Kellan Lutz’s physical appearance as the beefcake Hercules favors the Hollywood overly-sculpted look instead of naturalism, but his performance is neither equally over-the-top nor impressive by comparison. Lutz does show promise when asked to act headstrong or portray Herc with a pronounced swagger, but his (and Harlin’s) idea of “heavy emoting” generally amounts to Lutz frowning and looking down at the ground. Maybe Lutz will prove to be far better at tongue in cheek masculinity in this summer’s The Expendables 3, but in Legend of Hercules his attempt to become an action star fails to clear the bar.
Scott Adkins has limited screen time, but his detestable Amphitryon is one of the film’s highlights, even in the scenes where he’s not swinging a sword about; that also goes for Liam Garrigan as the slimeball Prince Iphicles, despite his character being as paper-thin as antagonists come. Roxanne McKee and Gaia Weiss are saddled with extremely derivative female archetypes, but they make the most of what they’re given. Meanwhile, character actor Rade Serbedzija (Taken 2) is wasted as Queen Alcmene’s caring servant Chiron, and Liam McIntyre helps elevate the thinly-written Greek soldier Sotiris into a memorable sidekick for Hercules – though his role still feels like a step down, after his solid leading performance on Starz’ Spartacus TV series.
Speaking of Spartacus – Legend of Hercules, like the aforementioned Starz TV show, is largely composed of green screen backdrops and CGI-enhanced set pieces shot on sound stages. Somehow, though, the effects in Renny Harlin’s Hercules movie often look more amateurish and less polished than on Spartacus, even though the former project had a much larger $70 million budget at its disposal.
Likewise, the violence in Legend of Hercules is almost completely bloodless (both figuratively and literally), which hurts the film’s tone. Because the film was designed with 3D in mind, Harlin and cinematographer Sam McCurdy (Centurion) stage the fight/battle sequences with clean visual composition and go for the easy pop-out effect whenever possible (see: arrows flying at the audience, Hercules swinging his lightning sword/whip around). However, save for a handful of sequences, the 3D aspect doesn’t add much to the action and the necessary ticket price upgrade will only be worth it for those who always prefer the format (when available).
As a whole, Legend of Hercules feels like a glorified Syfy movie that lacks the cheekiness necessary to make the whole experience a so-bad-it’s-good B-movie viewing.
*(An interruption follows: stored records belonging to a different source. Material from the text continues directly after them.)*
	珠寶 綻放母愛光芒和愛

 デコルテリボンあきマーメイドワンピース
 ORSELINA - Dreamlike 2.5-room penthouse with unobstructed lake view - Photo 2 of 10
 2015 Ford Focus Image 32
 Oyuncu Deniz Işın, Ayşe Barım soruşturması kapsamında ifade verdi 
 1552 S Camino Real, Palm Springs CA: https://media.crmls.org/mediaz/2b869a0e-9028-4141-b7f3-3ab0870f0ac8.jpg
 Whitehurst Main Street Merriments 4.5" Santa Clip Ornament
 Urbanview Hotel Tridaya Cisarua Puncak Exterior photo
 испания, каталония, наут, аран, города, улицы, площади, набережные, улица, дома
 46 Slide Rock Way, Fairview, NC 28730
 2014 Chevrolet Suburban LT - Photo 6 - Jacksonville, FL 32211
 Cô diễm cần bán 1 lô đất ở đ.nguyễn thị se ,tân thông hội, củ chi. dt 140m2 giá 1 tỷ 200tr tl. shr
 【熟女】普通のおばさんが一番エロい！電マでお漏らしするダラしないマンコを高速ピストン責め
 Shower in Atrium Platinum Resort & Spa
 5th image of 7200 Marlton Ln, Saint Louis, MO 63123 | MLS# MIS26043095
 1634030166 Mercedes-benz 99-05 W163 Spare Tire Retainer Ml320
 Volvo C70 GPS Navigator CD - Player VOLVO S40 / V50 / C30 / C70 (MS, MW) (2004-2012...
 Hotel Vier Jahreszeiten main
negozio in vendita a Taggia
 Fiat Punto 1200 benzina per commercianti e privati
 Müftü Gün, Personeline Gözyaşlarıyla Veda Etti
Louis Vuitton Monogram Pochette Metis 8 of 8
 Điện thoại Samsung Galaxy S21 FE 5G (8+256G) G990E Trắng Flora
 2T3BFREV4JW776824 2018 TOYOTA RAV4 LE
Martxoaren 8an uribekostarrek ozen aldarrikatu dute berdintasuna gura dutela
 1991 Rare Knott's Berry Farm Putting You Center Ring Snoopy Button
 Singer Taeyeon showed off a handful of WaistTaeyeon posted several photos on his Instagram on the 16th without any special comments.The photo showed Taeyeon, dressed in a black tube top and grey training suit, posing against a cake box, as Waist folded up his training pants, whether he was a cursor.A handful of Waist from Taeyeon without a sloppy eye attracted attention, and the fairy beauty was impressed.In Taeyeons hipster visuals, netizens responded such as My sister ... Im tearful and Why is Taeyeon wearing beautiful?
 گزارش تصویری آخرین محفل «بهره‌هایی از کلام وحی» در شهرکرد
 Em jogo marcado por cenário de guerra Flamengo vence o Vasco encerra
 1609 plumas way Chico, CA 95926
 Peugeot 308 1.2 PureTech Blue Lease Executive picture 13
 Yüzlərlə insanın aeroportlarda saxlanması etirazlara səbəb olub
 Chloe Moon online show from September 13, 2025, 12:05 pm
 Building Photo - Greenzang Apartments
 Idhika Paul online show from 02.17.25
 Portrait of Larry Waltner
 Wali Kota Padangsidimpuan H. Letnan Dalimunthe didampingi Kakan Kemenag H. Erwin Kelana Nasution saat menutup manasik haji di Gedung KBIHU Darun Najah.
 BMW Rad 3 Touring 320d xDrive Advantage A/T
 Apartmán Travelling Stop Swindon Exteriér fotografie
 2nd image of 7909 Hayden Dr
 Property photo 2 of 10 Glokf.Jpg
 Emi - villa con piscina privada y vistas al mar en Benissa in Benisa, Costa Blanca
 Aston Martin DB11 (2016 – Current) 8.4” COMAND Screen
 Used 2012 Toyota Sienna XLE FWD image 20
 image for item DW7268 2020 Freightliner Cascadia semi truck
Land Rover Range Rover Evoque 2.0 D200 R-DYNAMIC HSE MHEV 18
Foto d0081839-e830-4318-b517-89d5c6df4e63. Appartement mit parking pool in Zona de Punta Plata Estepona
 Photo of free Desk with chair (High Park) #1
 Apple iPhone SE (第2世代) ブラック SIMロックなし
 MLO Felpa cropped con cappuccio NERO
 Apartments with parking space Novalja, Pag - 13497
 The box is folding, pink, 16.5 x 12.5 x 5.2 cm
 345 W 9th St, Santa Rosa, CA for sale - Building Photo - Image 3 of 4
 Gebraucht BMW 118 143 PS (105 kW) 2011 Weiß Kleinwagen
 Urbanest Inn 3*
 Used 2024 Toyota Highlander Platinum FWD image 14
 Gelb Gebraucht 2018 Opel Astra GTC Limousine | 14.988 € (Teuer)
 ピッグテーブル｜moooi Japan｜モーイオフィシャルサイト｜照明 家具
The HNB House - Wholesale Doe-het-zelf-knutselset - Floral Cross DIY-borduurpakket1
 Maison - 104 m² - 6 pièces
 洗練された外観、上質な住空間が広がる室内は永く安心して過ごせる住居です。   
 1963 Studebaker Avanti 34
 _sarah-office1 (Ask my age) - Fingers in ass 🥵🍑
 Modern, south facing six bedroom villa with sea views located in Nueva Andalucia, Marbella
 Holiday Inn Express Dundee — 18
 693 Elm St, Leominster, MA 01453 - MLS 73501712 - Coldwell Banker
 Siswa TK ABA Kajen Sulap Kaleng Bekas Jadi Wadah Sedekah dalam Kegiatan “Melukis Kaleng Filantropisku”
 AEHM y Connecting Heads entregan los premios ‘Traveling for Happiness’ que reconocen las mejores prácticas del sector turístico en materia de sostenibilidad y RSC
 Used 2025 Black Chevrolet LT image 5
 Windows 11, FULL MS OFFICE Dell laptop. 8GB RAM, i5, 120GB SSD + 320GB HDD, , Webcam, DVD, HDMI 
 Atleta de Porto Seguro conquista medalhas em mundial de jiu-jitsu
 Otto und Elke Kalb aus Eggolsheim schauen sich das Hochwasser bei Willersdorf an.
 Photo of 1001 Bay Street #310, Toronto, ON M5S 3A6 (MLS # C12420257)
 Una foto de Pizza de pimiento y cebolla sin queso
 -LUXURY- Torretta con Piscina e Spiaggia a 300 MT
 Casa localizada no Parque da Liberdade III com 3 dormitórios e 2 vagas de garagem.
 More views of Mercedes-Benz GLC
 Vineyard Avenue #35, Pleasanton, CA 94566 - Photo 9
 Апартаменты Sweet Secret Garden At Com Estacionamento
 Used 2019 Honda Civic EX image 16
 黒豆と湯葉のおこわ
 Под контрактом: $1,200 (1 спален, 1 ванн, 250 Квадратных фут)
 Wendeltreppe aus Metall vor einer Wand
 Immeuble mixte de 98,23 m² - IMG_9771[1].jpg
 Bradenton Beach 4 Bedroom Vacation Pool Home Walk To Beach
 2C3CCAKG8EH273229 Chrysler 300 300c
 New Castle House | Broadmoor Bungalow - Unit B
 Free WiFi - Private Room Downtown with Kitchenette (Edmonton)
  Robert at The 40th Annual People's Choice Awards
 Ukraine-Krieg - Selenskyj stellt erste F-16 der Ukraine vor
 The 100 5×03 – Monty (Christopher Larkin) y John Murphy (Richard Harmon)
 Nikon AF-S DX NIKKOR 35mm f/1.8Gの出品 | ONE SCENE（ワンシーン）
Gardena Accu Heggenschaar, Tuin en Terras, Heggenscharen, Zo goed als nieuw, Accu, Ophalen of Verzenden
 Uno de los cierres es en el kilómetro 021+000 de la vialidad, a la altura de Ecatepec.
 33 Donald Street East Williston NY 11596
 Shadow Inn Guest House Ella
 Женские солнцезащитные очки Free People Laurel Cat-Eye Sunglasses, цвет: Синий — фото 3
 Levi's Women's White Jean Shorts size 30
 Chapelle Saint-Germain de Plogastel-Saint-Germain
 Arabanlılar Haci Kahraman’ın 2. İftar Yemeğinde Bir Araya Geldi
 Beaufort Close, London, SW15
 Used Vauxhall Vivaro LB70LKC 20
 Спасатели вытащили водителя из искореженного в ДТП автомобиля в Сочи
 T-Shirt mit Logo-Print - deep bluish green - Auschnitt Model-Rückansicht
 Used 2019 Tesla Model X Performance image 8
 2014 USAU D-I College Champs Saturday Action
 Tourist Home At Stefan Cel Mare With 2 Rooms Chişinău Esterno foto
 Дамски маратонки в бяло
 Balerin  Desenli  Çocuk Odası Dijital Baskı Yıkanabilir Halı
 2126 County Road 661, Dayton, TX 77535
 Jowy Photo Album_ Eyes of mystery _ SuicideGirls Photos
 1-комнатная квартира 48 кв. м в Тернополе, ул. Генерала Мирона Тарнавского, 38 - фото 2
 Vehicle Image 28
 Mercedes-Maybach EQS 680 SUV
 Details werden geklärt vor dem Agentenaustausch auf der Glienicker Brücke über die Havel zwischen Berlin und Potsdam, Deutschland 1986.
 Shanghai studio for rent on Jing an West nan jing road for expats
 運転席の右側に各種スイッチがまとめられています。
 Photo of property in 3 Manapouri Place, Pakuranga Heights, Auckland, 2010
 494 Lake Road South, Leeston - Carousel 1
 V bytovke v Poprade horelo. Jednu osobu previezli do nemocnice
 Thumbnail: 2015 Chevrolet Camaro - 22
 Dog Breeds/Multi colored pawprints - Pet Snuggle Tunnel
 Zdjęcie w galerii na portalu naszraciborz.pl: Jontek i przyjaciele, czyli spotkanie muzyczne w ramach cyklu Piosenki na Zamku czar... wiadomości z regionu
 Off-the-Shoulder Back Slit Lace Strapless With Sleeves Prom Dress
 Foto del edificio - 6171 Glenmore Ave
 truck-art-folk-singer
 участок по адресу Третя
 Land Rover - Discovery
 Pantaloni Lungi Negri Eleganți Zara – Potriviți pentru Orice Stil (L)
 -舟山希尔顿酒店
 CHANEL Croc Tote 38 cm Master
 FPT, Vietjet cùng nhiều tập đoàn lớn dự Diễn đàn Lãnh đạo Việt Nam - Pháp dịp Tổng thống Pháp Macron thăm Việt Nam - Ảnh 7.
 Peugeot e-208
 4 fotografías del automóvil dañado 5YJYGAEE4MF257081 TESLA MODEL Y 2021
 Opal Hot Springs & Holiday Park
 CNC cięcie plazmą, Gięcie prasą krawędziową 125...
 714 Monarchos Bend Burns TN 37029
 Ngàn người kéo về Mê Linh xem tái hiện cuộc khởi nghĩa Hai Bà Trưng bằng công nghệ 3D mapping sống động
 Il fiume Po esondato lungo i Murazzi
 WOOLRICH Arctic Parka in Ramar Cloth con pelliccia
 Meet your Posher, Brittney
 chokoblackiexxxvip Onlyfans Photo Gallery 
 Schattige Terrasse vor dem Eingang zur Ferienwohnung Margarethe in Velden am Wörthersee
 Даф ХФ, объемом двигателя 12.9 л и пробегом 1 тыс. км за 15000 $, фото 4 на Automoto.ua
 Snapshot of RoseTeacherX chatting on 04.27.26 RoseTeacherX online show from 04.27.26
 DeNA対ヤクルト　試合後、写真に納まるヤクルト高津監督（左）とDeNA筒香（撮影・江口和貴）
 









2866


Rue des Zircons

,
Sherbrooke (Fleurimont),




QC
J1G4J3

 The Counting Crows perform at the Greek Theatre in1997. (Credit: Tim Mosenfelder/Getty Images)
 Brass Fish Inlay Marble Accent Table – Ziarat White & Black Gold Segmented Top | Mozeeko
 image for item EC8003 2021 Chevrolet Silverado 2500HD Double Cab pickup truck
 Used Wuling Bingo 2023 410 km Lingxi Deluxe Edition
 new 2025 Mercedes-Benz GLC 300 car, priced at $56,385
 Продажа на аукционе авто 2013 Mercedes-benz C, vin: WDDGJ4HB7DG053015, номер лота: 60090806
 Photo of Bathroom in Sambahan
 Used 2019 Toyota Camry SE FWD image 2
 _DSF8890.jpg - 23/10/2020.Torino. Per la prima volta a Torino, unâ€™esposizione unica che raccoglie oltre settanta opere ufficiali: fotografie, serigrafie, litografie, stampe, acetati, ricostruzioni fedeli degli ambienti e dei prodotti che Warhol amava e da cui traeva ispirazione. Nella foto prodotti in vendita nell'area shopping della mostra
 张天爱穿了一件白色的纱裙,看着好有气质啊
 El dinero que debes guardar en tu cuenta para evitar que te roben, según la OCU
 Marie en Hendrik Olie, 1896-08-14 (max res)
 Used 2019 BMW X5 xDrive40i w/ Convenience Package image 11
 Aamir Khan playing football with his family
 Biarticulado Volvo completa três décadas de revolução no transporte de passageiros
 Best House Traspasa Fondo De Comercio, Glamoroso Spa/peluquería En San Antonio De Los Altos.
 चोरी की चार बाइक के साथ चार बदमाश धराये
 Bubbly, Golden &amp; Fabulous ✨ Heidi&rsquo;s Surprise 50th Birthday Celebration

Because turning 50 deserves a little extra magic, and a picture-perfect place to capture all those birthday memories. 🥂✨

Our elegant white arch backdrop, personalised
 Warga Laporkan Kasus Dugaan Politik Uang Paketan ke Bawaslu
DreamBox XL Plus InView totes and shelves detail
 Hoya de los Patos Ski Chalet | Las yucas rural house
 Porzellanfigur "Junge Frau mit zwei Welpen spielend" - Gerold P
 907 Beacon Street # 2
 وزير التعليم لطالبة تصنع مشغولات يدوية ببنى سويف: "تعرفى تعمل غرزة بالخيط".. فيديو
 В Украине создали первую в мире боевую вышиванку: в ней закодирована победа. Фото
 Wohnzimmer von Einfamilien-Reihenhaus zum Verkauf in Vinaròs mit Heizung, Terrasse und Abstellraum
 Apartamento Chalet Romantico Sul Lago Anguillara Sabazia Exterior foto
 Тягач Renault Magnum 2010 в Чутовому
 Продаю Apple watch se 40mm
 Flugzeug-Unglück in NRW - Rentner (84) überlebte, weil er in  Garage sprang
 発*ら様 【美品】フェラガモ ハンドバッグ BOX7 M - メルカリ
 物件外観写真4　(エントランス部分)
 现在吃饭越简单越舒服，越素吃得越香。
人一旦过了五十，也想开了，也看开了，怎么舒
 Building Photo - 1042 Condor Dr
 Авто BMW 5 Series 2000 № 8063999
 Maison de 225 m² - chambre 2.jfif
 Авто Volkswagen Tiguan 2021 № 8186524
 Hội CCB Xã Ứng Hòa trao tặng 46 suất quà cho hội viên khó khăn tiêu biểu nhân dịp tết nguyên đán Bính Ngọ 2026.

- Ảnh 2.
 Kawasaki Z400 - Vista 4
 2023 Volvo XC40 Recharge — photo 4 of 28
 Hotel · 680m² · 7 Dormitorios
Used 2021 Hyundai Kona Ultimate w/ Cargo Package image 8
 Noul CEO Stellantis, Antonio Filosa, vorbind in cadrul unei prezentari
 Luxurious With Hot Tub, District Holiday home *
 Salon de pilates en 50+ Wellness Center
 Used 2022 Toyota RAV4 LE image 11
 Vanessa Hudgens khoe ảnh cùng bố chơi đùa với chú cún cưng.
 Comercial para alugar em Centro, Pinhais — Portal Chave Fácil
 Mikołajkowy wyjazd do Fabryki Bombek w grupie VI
Suffice it to say, Brett Ratner’s Hercules (starring Dwayne Johnson) won’t have a challenging hurdle to clear, when it attempts to claim the “Hercules film of the year” title this summer.
The Legend of Hercules runs 99 minutes long and is Rated PG-13 for sequences of intense combat action and violence, and for some sensuality. Now playing in 2D and 3D theaters.